The SEC and the CFTC have developed the swaps definitions document to implement parts of Title VII of the Dodd-Frank Wall Street Reform and Consumer Protection Act. Title VII of the act will create a new swaps regulatory system that involves both the SEC and the CFTC. The SEC is supposed to define and regulate “security-based swaps,” and the CFTC is supposed to regulate other types of swaps.

The SEC and CFTC asking for public comments on the efforts to fine-tune the “key definitions” to be used in the regulatory process.

“Commenters are encouraged to address aspects of the key definitions such as the extent to which the definitions should be based on qualitative or quantitative factors and what those factors should be, any analogous areas of law, economics, or industry practice, and any factors specific to the commenter’s experience,” officials say.

In the Dodd-Frank Act, Congress has developed a long definition of the term “swap.”

The definition includes any agreement, contract or transaction that is a “put, call, cap, floor, collar, or similar option of any kind that is for the purchase or sale, or based on the value, of 1 or more interest or other rates, currencies, commodities, securities, instruments of indebtedness, indices, quantitative measures, or other financial or economic interests or property of any kind.”

The definition also includes any arrangement that provides for “any purchase, sale, payment, or delivery (other than a dividend on an equity security) that is dependent on the occurrence, nonoccurrence, or the extent of the occurrence of an event or contingency associated with a potential financial, economic, or commercial consequence,” and it includes any security-based swap agreement that meets the definition of “swap agreement” given in Section 206A of the GrammLeach-Bliley Financial Services Modernization Act of 1999 in which “a material term is based on the price, yield, value, or volatility of any security or any group or index of securities, or any interest therein.”

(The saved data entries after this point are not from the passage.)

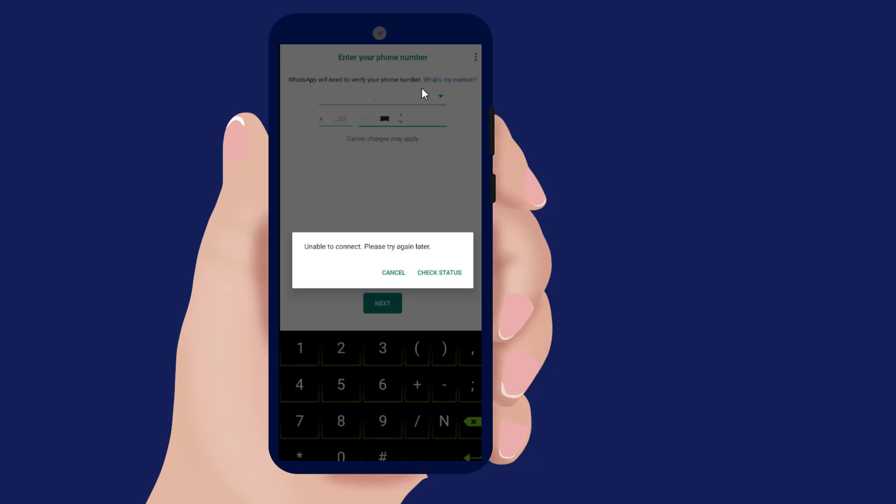How to fix WhatsApp 'unable to connect, please try again later'. In this video I will show you one method — hope it will fix your problem.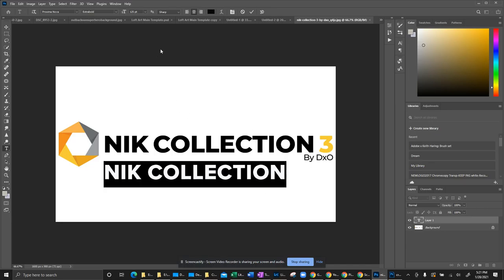Okay, so now you found something that's very similar, very close to the Nik Collection font.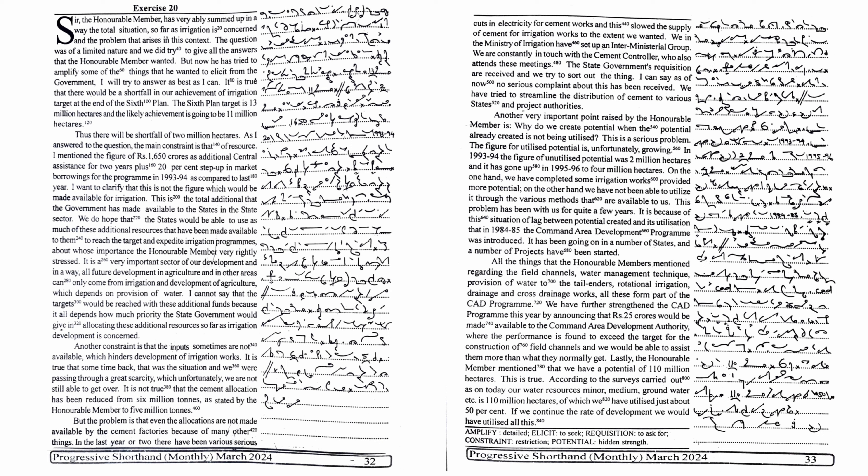There will be a shortfall in our achievement of the irrigation target at the end of the sixth plan. The sixth plan target is 13 million hectares and the likely achievement is going to be 11 million hectares. Thus, there will be a shortfall of 2 million hectares.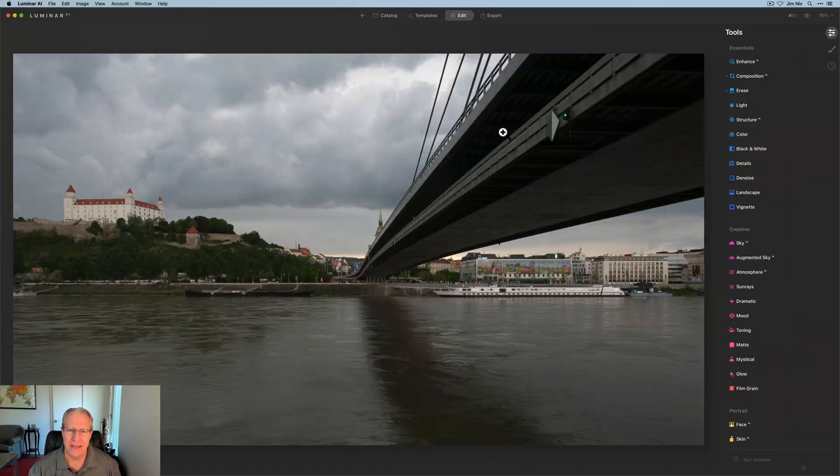Hey guys, I'm Jim. I edit photos. Thanks for stopping by. Today I'm in Luminar AI and I'm having a good time with a photo that I took in Bratislava, Slovakia.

The SEC and CFTC will be implementing another term included in the Dodd-Frank Act: “Eligible contract participant.”

Eligible contract participants can continue to participate in swaps transactions without going through an exchange or similar facility; other parties that want to get involved with swaps must have the transactions cleared.

Under the terms of the Dodd-Frank Act, the definition of “eligible contract participant” includes “an insurance company that is regulated by a state, or that is regulated by a foreign government and is subject to comparable regulation as determined by the [Commodity Futures Trading] Commission, including a regulated subsidiary or affiliate of such an insurance company,” officials say.

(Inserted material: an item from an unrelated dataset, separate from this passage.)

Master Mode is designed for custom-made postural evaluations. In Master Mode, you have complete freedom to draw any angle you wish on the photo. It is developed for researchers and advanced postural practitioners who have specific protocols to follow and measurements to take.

In another part of the definition of eligible contract participant, the SEC and CFTC say the definition includes an employee benefit plan subject to the Employee Retirement Income Security Act, a governmental employee benefit plan, or a foreign person performing a similar role, if the plan has more than $5 million in assets or the plan’s investment decisions are made by an investment advisor or commodity advisor, a foreign investment or commodity advisor, a financial institution, or an insurance company or a regulated subsidiary or affiliate of an insurance company.